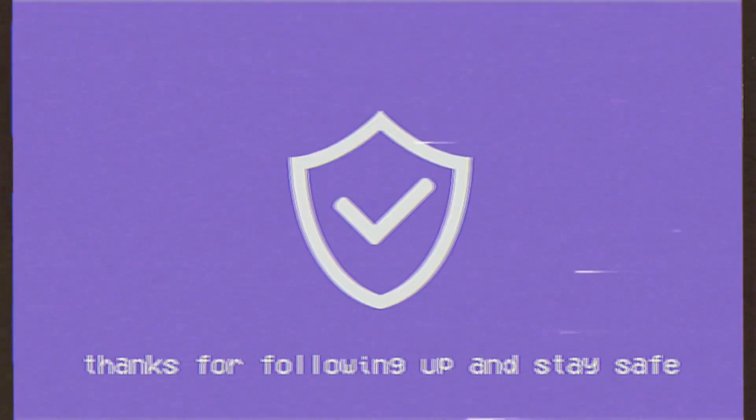That concludes this informational tape. Thanks for following up and stay safe.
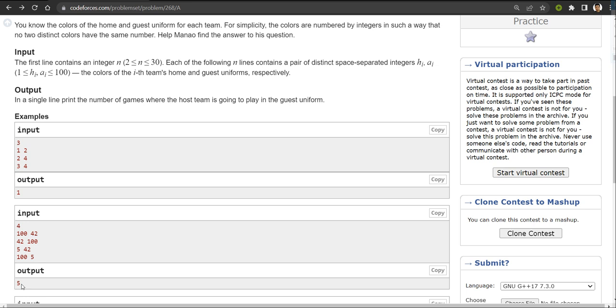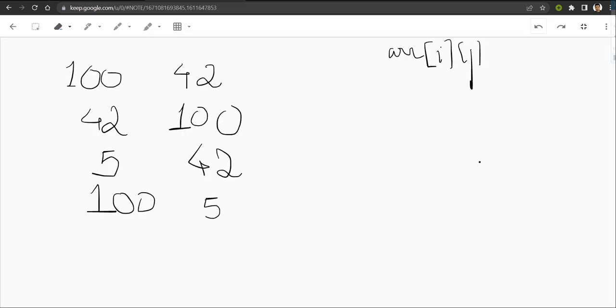You have to output that number — that's it. This is the question. The logic behind this question is very simple.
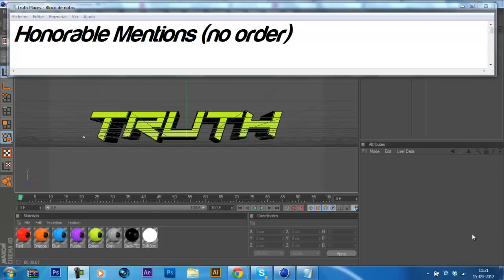Hi guys, Axan here, the lead GFX for TRUTH and today I'm going to be announcing the TRUTH Recruitment Challenge winners and some honorable mentions.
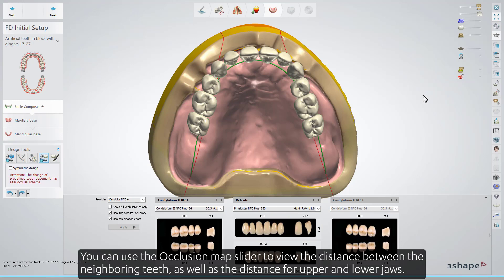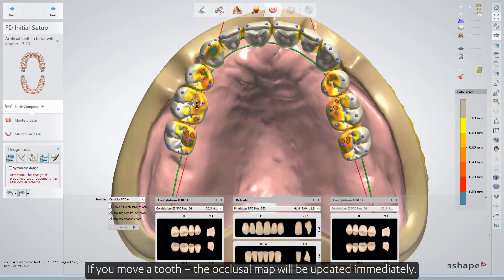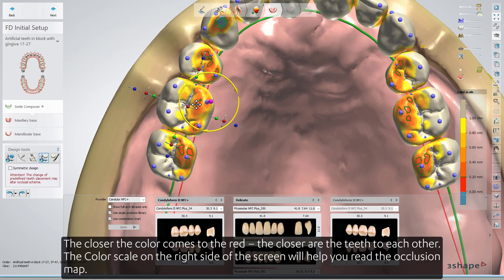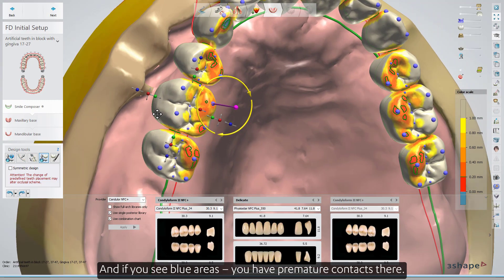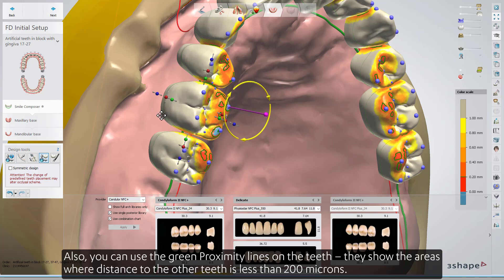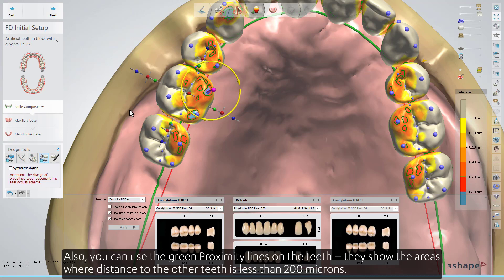You can use the Occlusion Map slider to view the distance between neighboring teeth as well as the distance for upper and lower jaws. If you move a tooth, the occlusion map will be updated immediately. The closer the color comes to red, the closer the teeth are to each other. The color scale on the right side of the screen will help you read the occlusion map. If you see blue areas, you have premature contacts there. You can also use the green proximity lines on the teeth, which show areas where the distance to other teeth is less than 200 microns.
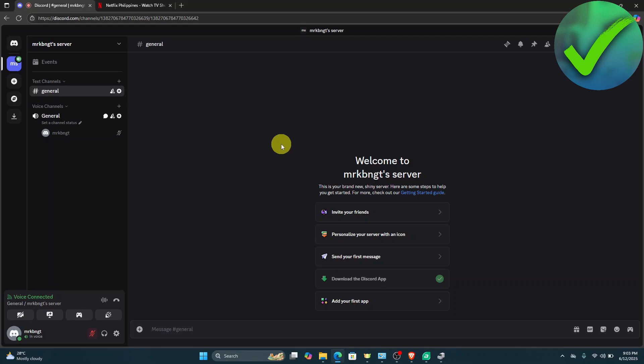How to stream Netflix on Discord without black screen. That's what I'm going to show you guys in this super quick and easy tutorial. Let's get into it.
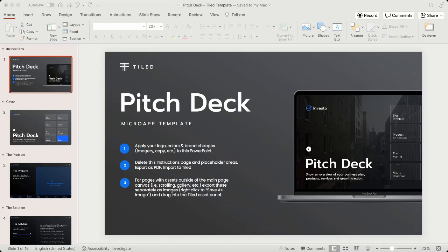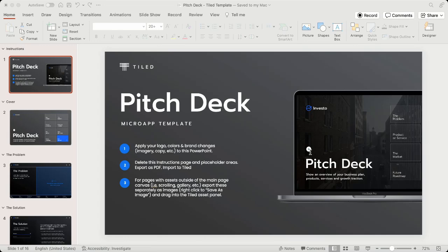In this video we'll focus on the last step of leveraging our PowerPoint templates, which is the outer canvas assets, and specifically we're going to focus on the scrolling elements and exporting them from PowerPoint to bring them into Tiled.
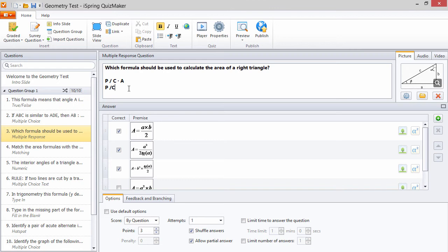This question is worth 3 points, and the number of possible correct answers is also 3, so each correct answer is worth 1 point.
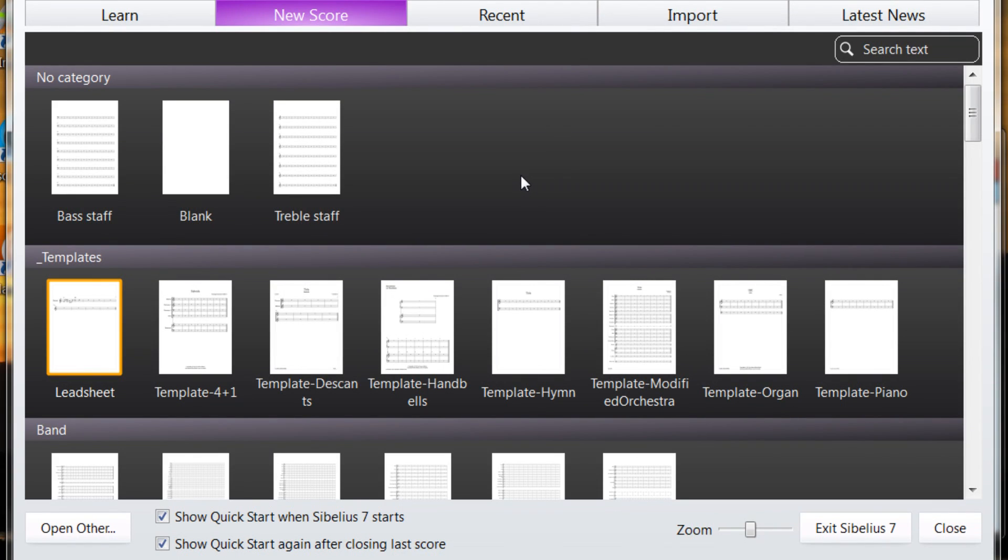I'm starting a new series on using Sibelius. This is designed for people who have never used it or who have limited experience with it.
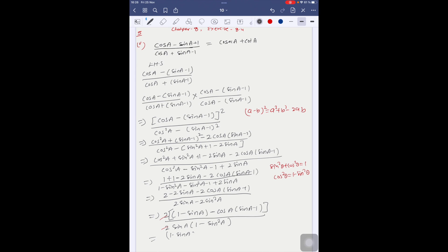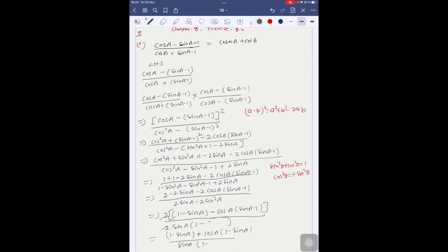Taking minus common from the bracket gives (1 minus sinA) in the denominator with cosA. The (1 minus sinA) terms cancel out, leaving (1 plus cosA) over sinA. This gives 1/sinA plus cosA/sinA, which equals cosecA plus cotA. That is our RHS, so the proof is complete.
━━━━━━━━━━
**WORK REQUEST**
Everything from the line containing "You can use" to the last line of the listing above must be reproduced exactly, with no pictures included.

**YOUR SOLUTION**
You can use the Occlusion Map slider to view the distance between neighboring teeth as well as the distance for upper and lower jaws. If you move a tooth, the occlusion map will be updated immediately. The closer the color comes to red, the closer the teeth are to each other. The color scale on the right side of the screen will help you read the occlusion map. If you see blue areas, you have premature contacts there. You can also use the green proximity lines on the teeth, which show areas where the distance to other teeth is less than 200 microns.
How to stream Netflix on Discord without black screen. That's what I'm going to show you guys in this super quick and easy tutorial. Let's get into it.
In this video we'll focus on the last step of leveraging our PowerPoint templates, which is the outer canvas assets, and specifically we're going to focus on the scrolling elements and exporting them from PowerPoint to bring them into Tiled.
This question is worth 3 points, and the number of possible correct answers is also 3, so each correct answer is worth 1 point.
I'm starting a new series on using Sibelius. This is designed for people who have never used it or who have limited experience with it.
Taking minus common from the bracket gives (1 minus sinA) in the denominator with cosA. The (1 minus sinA) terms cancel out, leaving (1 plus cosA) over sinA. This gives 1/sinA plus cosA/sinA, which equals cosecA plus cotA. That is our RHS, so the proof is complete.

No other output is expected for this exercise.